** To do **
Once the line containing "Mini Vibro Tease™: Elegant" is found in the records below, return it and each following line exactly, up to and including the line containing "Conrad Koh Samui", and nothing else.

** Task input **
* * *
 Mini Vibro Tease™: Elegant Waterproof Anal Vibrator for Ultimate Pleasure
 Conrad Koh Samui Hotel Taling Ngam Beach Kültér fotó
* * *
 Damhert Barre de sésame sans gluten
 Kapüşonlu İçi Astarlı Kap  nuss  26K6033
* * *
** Solution to the exercise **
 Mini Vibro Tease™: Elegant Waterproof Anal Vibrator for Ultimate Pleasure
 Conrad Koh Samui Hotel Taling Ngam Beach Kültér fotó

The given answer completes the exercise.